== Your task ==
Check every line of the data below for the string "Party", and copy the ones that hold it.

*** Opening of Task data ***

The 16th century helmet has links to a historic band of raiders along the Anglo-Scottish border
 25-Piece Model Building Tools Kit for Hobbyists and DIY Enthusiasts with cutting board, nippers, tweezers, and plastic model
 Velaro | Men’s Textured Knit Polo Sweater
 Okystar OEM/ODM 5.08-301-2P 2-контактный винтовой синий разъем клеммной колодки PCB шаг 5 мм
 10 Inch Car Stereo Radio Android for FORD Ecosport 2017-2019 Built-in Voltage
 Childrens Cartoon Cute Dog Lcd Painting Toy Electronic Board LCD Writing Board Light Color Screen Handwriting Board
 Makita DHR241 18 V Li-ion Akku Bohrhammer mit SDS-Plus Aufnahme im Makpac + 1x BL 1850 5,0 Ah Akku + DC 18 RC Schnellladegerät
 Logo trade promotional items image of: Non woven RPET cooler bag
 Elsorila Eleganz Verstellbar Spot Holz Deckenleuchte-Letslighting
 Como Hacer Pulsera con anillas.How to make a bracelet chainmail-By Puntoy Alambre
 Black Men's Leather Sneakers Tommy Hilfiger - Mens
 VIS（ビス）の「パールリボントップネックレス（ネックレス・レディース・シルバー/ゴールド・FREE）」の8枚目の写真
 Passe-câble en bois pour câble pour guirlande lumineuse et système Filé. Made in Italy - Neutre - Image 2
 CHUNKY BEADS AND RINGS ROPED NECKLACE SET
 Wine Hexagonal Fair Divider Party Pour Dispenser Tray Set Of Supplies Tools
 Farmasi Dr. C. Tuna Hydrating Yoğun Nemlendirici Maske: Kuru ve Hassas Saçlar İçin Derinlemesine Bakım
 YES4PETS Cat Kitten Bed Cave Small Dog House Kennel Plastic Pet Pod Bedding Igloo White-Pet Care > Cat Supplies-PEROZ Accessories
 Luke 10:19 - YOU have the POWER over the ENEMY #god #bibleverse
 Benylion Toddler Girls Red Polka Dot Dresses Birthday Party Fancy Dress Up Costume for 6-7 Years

*** Close of Task data ***

== Response area ==
 Wine Hexagonal Fair Divider Party Pour Dispenser Tray Set Of Supplies Tools
 Benylion Toddler Girls Red Polka Dot Dresses Birthday Party Fancy Dress Up Costume for 6-7 Years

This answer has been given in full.